Records drawn from a dataset
------------------------------------------------------------
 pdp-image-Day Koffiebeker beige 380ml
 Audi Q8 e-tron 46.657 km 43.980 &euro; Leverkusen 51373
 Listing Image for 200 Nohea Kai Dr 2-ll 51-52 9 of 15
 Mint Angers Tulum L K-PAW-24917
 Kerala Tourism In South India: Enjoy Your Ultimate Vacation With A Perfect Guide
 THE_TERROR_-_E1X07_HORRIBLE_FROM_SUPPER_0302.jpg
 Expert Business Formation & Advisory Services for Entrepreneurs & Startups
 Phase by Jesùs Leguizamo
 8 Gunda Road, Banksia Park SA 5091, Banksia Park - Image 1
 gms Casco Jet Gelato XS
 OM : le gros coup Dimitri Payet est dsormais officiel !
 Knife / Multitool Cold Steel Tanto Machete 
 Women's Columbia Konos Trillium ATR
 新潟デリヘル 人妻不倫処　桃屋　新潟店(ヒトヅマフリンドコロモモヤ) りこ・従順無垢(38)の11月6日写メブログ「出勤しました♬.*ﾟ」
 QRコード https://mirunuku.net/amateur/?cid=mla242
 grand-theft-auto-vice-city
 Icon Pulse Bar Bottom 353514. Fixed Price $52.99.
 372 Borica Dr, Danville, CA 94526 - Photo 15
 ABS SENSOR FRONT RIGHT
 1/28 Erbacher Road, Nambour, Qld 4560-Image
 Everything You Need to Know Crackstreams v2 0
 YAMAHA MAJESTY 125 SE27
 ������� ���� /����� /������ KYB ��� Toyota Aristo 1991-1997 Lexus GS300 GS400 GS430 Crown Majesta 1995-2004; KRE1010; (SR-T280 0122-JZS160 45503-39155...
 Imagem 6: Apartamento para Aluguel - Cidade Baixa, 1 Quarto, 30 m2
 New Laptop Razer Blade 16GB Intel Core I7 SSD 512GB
------------------------------------------------------------
### What you should do
Repeat exactly the lines from the first line of the records above through the line containing "372 Borica Dr, Danville, CA 94526 - Photo 15", both included, and nothing else.

### Task solution
 pdp-image-Day Koffiebeker beige 380ml
 Audi Q8 e-tron 46.657 km 43.980 &euro; Leverkusen 51373
 Listing Image for 200 Nohea Kai Dr 2-ll 51-52 9 of 15
 Mint Angers Tulum L K-PAW-24917
 Kerala Tourism In South India: Enjoy Your Ultimate Vacation With A Perfect Guide
 THE_TERROR_-_E1X07_HORRIBLE_FROM_SUPPER_0302.jpg
 Expert Business Formation & Advisory Services for Entrepreneurs & Startups
 Phase by Jesùs Leguizamo
 8 Gunda Road, Banksia Park SA 5091, Banksia Park - Image 1
 gms Casco Jet Gelato XS
 OM : le gros coup Dimitri Payet est dsormais officiel !
 Knife / Multitool Cold Steel Tanto Machete 
 Women's Columbia Konos Trillium ATR
 新潟デリヘル 人妻不倫処　桃屋　新潟店(ヒトヅマフリンドコロモモヤ) りこ・従順無垢(38)の11月6日写メブログ「出勤しました♬.*ﾟ」
 QRコード https://mirunuku.net/amateur/?cid=mla242
 grand-theft-auto-vice-city
 Icon Pulse Bar Bottom 353514. Fixed Price $52.99.
 372 Borica Dr, Danville, CA 94526 - Photo 15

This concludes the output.